If you see a straightforward dividing line between harmful and not-harmful I'm not surprised you don't take this very seriously, goodbye.
It's a very artificial line, in my opinion: the reality's more of a continuum. And who gets to draw the line, anyway?
If a man asked me to go in his car when I was a teenager, but didn't try to force me when I said no, is that harmful or not? I wasn't harmed, but presumably might have been. Maybe another girl was.
My friend and I got flashed at on a train as teenagers. We laughed at him. We weren't harmed. So was it harmless? It's apparently a gateway crime for some sexual offenders. The man recently convicted of assaulting and murdering a student in Hull had committed a string of offences like that. Sometimes he just peered through people's windows to watch women, and admitted to cases where the woman wasn't even aware of it at the time: how do you measure the harm then?
Or what about when a man who makes off-colour jokes to or about women is put in a position of power, maybe as a judge or even the head of a college/university: is he likely to take cases of assault and harassment seriously?
How do you measure harm?
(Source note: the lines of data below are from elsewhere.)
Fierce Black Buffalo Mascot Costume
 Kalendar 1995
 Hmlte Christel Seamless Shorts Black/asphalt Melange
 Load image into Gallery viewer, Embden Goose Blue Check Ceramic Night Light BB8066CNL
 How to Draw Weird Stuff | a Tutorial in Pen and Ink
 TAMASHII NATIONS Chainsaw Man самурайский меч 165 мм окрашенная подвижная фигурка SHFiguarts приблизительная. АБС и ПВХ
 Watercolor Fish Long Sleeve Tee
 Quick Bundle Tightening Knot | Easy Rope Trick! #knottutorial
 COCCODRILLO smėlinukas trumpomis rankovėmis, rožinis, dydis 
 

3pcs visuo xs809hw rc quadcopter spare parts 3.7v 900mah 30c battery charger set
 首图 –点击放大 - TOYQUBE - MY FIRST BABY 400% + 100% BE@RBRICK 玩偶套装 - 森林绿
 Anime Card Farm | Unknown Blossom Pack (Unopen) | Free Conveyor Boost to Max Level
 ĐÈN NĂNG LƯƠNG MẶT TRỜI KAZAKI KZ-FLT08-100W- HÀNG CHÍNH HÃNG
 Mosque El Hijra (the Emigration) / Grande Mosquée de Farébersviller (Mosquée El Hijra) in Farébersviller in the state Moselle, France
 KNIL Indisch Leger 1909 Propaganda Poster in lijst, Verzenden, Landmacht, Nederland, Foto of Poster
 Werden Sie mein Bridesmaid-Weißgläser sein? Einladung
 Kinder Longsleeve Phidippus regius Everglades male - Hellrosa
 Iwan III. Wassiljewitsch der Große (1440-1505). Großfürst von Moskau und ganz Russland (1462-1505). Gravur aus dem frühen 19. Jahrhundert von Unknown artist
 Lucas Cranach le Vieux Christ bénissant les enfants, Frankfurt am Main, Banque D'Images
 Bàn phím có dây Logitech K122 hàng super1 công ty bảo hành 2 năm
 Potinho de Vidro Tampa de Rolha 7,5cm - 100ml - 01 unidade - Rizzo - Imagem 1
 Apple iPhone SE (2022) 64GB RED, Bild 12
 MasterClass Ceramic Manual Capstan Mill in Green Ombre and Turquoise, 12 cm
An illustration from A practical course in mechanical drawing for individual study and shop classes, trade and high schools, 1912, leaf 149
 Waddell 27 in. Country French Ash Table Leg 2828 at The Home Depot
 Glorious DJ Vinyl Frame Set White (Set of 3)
If women MPs receive online abuse and rape threats, as they seem to more than ever, is that just harmful to the women concerned, or to our whole political system if fewer women are prepared to put themselves in the firing line?
And what about the greater prevalence of online porn? Is that harmful or not? Use of violent porn in particular is regularly cited as a factor in abuse and murder cases, but does it demean women generally?
If your clients/colleagues in the City didn't upset you, goodbye, but contributed to an ethos where women weren't treated with as much professional respect as men, how harmful is that?